=== Section Start ===

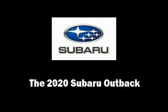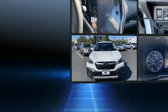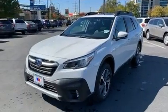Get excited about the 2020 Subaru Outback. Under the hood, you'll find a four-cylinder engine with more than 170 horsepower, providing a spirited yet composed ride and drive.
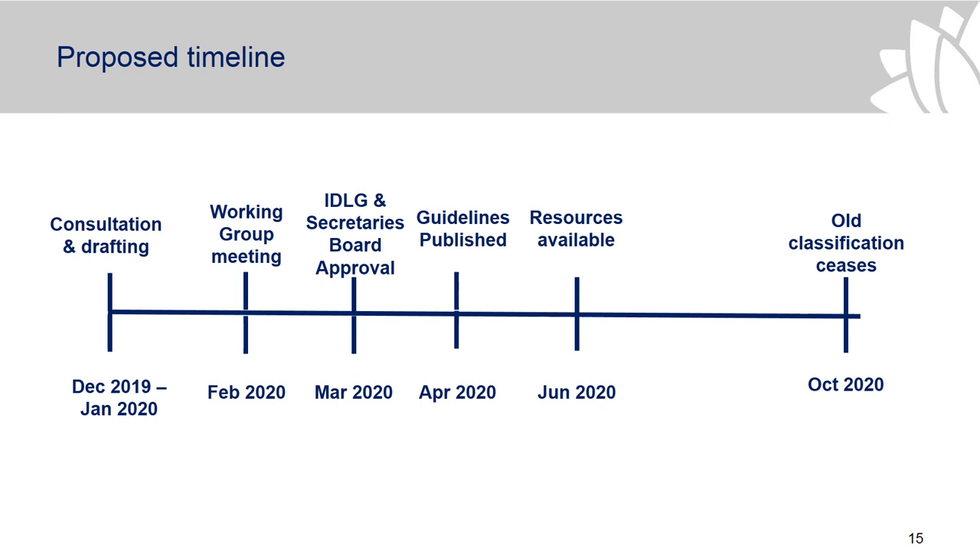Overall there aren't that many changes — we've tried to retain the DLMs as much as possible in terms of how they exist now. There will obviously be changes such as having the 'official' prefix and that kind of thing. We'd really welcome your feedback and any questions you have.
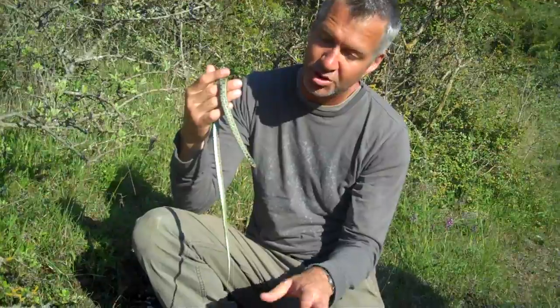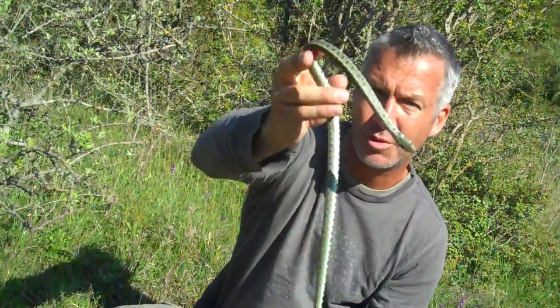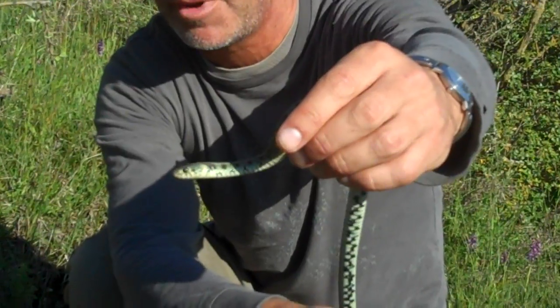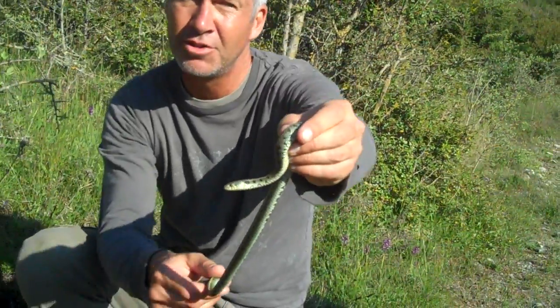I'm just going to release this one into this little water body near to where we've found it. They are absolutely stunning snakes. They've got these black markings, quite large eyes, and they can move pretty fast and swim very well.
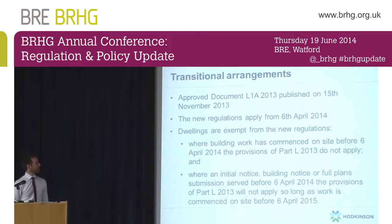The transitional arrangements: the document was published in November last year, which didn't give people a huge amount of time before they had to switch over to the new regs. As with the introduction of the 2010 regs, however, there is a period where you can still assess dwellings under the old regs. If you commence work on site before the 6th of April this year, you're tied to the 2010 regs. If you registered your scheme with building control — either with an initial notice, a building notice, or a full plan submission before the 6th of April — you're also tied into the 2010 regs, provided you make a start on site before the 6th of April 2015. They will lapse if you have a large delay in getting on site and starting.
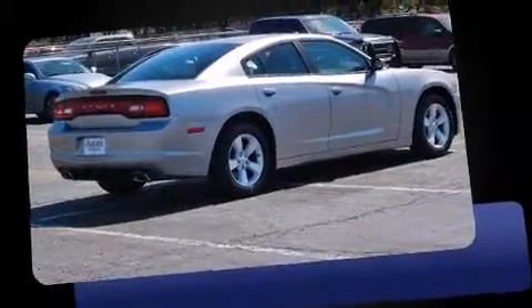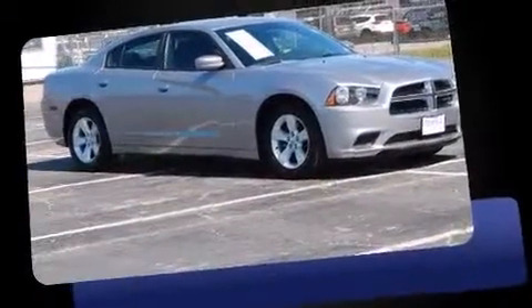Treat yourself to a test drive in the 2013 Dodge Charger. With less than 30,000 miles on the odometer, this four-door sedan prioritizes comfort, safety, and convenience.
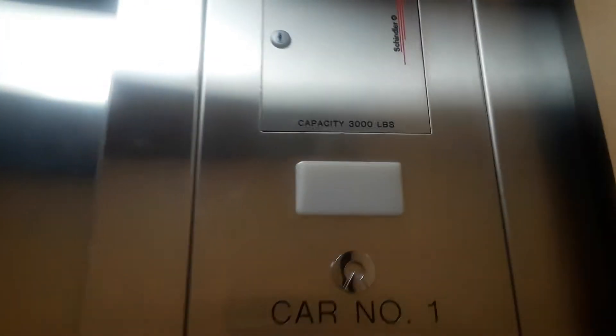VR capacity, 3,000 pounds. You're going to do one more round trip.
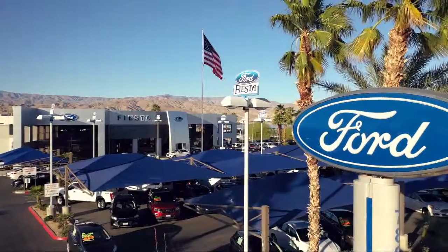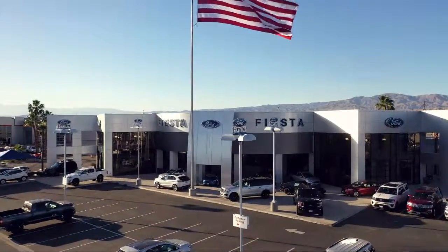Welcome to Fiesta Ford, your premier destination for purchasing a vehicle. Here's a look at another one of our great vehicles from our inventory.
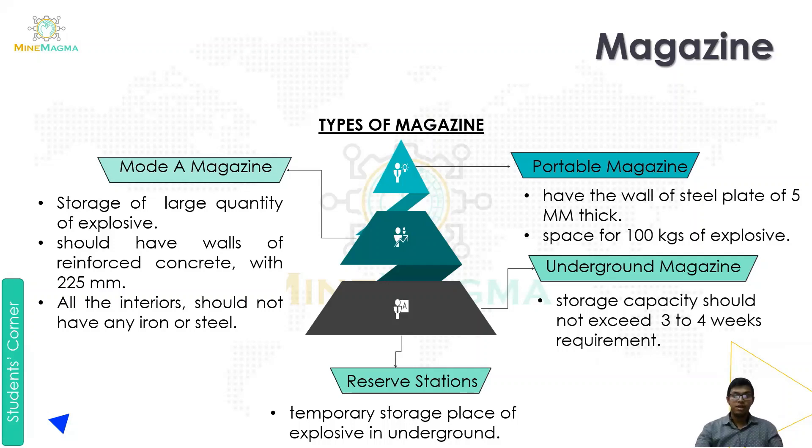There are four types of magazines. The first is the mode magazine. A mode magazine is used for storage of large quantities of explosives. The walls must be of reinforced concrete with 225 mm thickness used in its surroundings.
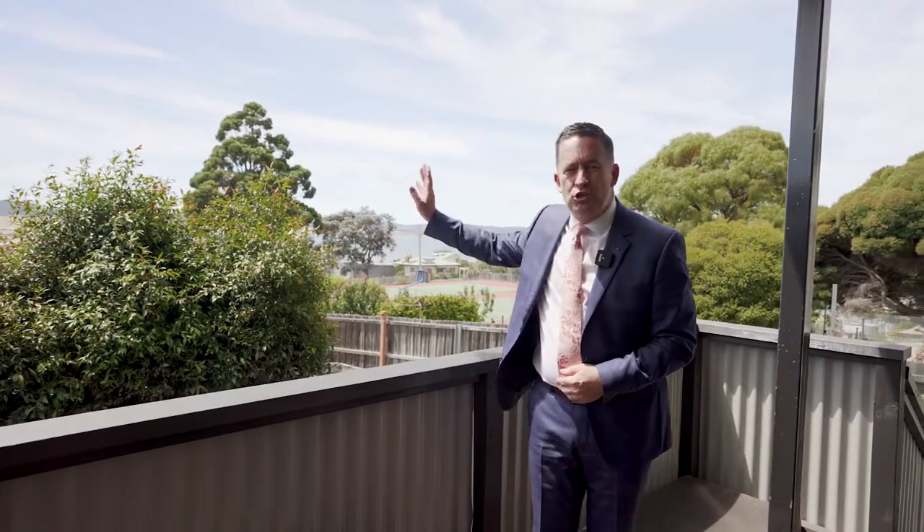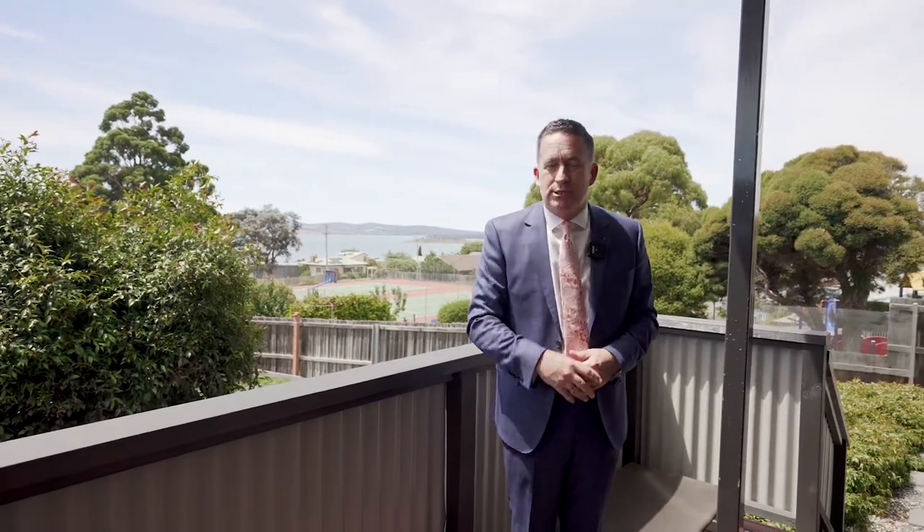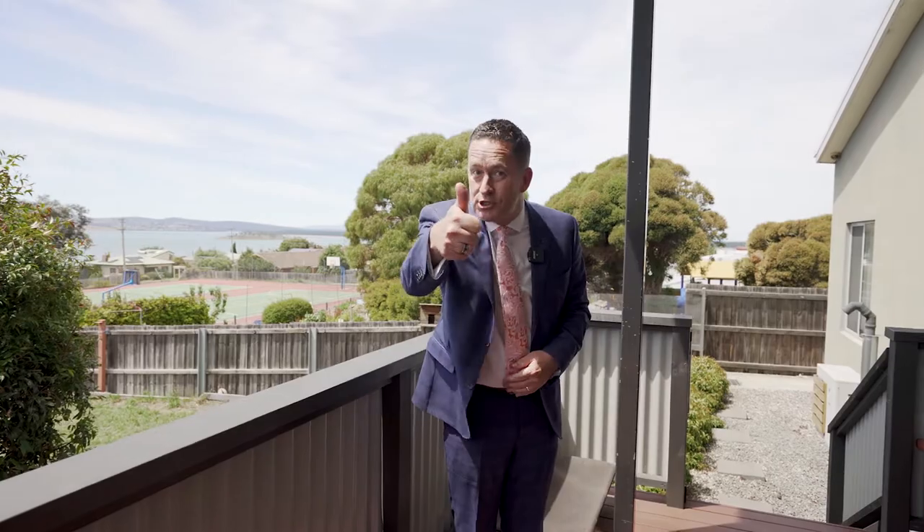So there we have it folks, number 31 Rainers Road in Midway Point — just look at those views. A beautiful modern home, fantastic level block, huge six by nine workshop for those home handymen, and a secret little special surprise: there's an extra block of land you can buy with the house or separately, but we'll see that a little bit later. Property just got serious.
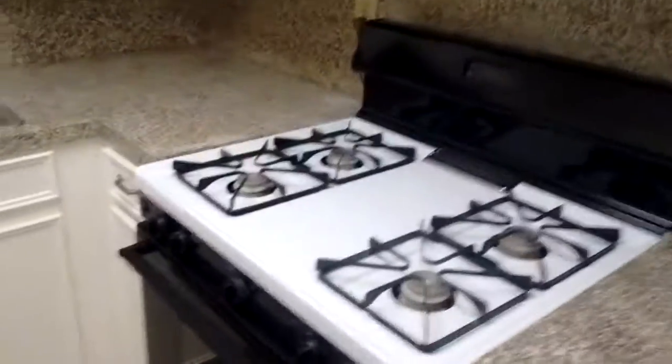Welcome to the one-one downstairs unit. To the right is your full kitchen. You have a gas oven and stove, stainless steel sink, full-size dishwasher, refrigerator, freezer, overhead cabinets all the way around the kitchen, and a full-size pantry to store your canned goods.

=== Section End ===

» **ASSIGNMENT**:
Lines wanted from the entries above: the one with "Treat yourself to", the one with "VR capacity, 3,000", and all lines between. Please copy them exactly, without the pictures and without anything else.

» **REPLY**:
Treat yourself to a test drive in the 2013 Dodge Charger. With less than 30,000 miles on the odometer, this four-door sedan prioritizes comfort, safety, and convenience.
VR capacity, 3,000 pounds. You're going to do one more round trip.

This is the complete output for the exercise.